# Design of a rectifier

1. ### Elisabeth_91

8
1. The problem statement, all variables and given/known data

A classical rectifier is to be designed to provide 5V +/- 1% for a logic circuit, with output power of up to 12W. The input is conventional 220V, 50Hz source.
i) Choose a transformer ratio
ii) Choose a diode configuration
iii) Calculate the capacitor value to meet the requirements
iv) Draw the load voltage, the load current and the source current (secondary side) waveforms for maximum output power (12W).

2. Relevant equations

3. The attempt at a solution

I am a complete beginner in this. I have no clue how to solve. Can you please give me a hint?

### Staff: Mentor

It's a meaty topic. Start by a google search on: rectifier "filter capacitor"

3. ### Elisabeth_91

8
I need to use a full wave rectifier bridge with a Capacitor parallel to my load. Is this correct?
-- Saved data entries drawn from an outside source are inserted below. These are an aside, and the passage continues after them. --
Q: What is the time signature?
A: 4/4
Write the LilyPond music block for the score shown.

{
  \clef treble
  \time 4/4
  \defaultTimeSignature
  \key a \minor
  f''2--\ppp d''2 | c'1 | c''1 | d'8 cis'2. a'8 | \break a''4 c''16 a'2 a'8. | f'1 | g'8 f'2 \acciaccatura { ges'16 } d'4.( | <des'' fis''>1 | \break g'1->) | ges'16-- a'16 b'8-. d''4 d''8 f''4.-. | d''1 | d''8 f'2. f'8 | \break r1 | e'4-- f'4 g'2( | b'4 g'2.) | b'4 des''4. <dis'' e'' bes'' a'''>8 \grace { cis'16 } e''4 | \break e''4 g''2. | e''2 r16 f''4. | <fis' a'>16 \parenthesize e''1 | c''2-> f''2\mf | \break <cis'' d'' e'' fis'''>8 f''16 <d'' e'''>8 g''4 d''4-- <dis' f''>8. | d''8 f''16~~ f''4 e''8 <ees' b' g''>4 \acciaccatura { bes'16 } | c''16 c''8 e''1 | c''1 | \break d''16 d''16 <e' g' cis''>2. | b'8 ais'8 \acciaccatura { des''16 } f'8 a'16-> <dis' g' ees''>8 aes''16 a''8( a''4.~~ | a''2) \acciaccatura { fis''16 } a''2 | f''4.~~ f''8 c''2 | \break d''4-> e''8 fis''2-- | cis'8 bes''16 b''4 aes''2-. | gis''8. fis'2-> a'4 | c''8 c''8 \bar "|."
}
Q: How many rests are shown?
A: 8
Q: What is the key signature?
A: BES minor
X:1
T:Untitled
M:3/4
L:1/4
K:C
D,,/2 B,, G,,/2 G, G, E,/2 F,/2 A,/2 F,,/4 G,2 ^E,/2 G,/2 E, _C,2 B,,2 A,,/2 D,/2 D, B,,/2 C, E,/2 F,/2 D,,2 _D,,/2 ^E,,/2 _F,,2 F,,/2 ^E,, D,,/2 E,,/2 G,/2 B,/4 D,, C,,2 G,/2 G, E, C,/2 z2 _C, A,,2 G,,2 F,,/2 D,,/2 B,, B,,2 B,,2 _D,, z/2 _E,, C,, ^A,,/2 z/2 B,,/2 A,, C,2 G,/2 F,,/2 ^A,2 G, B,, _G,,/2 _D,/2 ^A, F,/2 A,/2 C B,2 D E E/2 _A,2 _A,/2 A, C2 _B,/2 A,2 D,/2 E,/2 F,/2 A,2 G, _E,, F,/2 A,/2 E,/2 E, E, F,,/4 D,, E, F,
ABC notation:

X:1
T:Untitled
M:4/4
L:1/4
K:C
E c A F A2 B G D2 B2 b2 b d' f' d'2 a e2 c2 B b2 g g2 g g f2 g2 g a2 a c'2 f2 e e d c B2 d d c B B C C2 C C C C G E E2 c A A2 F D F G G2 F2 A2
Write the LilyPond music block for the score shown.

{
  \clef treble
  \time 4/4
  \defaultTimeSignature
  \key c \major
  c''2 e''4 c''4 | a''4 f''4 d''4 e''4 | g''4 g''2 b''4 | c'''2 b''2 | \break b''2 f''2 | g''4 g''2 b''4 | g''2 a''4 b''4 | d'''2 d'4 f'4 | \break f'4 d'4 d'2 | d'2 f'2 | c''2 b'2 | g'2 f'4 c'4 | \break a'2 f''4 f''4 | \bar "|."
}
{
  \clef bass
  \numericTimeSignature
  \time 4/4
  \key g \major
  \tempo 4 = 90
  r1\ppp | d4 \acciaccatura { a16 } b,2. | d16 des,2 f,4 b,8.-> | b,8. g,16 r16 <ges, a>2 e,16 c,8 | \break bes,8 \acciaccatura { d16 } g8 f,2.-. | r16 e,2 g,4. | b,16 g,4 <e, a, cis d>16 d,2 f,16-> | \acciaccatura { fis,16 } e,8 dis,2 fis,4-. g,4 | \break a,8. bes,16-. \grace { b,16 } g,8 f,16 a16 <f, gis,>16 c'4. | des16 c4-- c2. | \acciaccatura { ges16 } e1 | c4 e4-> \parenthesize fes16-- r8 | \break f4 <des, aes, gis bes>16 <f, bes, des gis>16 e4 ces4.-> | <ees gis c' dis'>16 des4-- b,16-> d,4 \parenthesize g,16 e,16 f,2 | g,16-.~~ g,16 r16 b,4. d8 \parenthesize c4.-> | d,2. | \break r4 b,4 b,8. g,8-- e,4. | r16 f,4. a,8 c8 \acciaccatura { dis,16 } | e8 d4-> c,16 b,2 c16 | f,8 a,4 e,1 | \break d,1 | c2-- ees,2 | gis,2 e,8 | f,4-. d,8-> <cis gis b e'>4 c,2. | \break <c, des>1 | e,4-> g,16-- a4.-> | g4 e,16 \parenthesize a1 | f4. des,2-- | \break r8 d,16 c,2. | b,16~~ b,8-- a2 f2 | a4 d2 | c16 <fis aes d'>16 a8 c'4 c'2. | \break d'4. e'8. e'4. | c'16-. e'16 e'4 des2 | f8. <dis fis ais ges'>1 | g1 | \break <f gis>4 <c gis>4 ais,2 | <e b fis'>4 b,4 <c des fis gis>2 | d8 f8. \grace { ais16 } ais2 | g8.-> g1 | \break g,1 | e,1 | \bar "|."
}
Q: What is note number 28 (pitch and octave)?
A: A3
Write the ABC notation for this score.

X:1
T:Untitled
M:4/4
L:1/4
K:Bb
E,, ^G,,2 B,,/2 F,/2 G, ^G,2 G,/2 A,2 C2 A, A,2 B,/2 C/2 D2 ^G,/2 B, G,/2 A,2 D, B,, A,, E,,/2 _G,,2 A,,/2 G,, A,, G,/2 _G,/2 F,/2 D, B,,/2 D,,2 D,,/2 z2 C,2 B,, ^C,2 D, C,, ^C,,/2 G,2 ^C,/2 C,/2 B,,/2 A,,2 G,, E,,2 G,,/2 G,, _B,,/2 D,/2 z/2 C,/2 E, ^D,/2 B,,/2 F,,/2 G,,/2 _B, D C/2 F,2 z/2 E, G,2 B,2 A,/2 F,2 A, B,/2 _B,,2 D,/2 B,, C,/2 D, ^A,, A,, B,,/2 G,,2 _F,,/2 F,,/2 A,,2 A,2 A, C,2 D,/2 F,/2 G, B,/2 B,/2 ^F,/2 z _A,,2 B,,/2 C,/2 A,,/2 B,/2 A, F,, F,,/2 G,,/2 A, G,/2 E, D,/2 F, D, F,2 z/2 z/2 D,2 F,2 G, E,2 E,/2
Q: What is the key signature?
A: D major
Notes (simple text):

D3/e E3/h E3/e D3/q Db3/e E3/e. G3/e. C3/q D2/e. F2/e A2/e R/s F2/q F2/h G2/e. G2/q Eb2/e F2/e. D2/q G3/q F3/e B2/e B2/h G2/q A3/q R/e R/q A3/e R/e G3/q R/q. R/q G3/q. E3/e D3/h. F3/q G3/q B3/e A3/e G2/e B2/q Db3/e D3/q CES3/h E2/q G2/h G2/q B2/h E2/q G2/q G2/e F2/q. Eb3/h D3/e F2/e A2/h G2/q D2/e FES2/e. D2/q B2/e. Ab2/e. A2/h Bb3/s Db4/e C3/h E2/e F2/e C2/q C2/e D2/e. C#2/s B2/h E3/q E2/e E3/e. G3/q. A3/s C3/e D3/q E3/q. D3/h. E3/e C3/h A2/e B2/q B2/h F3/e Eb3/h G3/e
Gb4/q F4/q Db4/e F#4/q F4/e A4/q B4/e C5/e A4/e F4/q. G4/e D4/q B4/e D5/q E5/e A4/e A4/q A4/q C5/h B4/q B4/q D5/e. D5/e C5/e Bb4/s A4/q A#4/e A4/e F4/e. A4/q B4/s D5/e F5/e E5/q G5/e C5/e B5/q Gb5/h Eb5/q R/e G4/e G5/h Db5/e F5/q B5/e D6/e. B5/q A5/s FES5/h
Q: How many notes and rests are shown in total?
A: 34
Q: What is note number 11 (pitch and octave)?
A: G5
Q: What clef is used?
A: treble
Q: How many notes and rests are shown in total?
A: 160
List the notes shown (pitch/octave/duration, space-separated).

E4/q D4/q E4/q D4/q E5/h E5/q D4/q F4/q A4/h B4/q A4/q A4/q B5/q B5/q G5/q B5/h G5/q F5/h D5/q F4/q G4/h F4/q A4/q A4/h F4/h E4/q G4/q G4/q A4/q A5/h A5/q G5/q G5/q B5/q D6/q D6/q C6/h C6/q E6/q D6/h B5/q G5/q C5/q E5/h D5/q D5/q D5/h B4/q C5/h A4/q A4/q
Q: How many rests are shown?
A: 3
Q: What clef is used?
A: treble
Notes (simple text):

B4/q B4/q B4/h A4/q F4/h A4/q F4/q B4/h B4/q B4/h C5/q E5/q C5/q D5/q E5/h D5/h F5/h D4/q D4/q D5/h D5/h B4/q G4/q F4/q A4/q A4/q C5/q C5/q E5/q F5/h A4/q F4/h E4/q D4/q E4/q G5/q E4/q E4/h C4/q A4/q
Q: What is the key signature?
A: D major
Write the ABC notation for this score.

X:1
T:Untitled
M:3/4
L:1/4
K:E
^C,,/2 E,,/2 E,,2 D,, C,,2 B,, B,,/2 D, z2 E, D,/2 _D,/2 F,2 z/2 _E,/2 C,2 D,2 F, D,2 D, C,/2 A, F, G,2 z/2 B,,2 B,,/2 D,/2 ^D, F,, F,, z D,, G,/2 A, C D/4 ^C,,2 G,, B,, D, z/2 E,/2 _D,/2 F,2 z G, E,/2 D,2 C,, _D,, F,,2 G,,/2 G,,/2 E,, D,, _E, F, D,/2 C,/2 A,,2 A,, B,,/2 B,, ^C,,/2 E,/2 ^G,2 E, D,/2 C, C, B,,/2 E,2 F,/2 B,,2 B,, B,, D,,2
What I don't understand is, do I put a normal transformer before the bridge?

4. ### technician

You are correct. Use a full wave bridge arrangement and you need a transformer to step down 220V to 5V

5. ### Elisabeth_91

8
Would it also be possible to use just a Capacitor Filter, this seems to be the easiest way to solve the problem.
Like shown here: http://www.tpub.com/neets/book7/0249.GIF

What is the advantage of the bridge?

6. ### technician

A single diode allows 0ne half of the AC current to flow. Imagine an AC wave which goes + and -. A single diode will cut off the - sections (or the +sections!!). This gives the familiar 'half wave rectification waveform'... can you picture it?
The full wave combination of diodes needs 4 diodes connected in a 'bridge' and this allows all of the AC current to flow in the same direction....it is smoother.

7. ### Elisabeth_91

8
i) transformation ratio

In the end I want a DC Voltage of 5V. Using a full-wave bridge this means
$V_{dc}=\frac{2 V_{2,max}}{π} V_{2,max} = \frac{π V_{dc}}{2} = 7.85V$

Since I need a transformer that is giving this peak voltage
Transformer ratio =
$\frac{V_{1,max}}{V_{2,max}} = \frac{V_{1}*\sqrt{2}}{V_{2,max}} = \frac{220V*\sqrt{2}}{7.85V} = 39.6$

Can you tell me if this is correct?

8
9. ### technician

The output voltage is specified as 5V +/-1%
This means that the max change in voltage allowed is 0.05V
The capacitor stores electric charge so that current can be maintained between the peaks of the voltage, this is when the voltage is decreasing.
The power that needs to be supplied is 12W .
Can you calculate thew current which must be supplied?
The time between peaks is 0.01s (half a cycle)
Can you calculate the charge that flows in this 0.01s?
This charge comes from the capacitor. If you know the voltage change is 0.05V and also know the charge that must be provided, can you calculate the capacitor value.
Get as far as you can and if you get stuck come back!!!

10. ### technician

I put my numbers in my procedure and got C = 0.5F
That formula you have gave 0.48F
Looks like you we on the right track. The formula works and I hope that my steps show how the formula comes about !!!

11. ### Elisabeth_91

8

So you mean:
I,load = P / V,dc = 12W / 5V = 2.4 A
Q,c = I,load / (0.5*T) = 2.4 A * 0.01s
C = Q/U = 0.024C / 0.05V = 0.48F

Is this the correct way?
Is it coincidence that is the same result as with my first approach?

12. ### Elisabeth_91

8
Thank you very much!

13. ### technician

Yes, you have done more than I would have!
I would just say ratio = Vin/Vout = 220/5 = 44 to 1
One thing to realise that these calculations, in practice, only need to be 'near enough'.
To produce a supply of exactly 5V +/-1% would probably involve using a further electronic circuit.... but that is another matter.
Also the capacitor value we calculated is a minimum value anything bigger than 0.5F would do a better job.
Well done

14. ### technician

also...your post #11 is spot on. I think it is better to work through the physics to get the answer, once you can do this then it is OK to use the formula.
well done

### Staff: Mentor

Don't forget to account for the diode voltage drops! The 5V +/-1% specification puts a pretty tight constraint on the allowed peak voltage (Vp), which will follow the peak voltage supplied by the bridge rectifier.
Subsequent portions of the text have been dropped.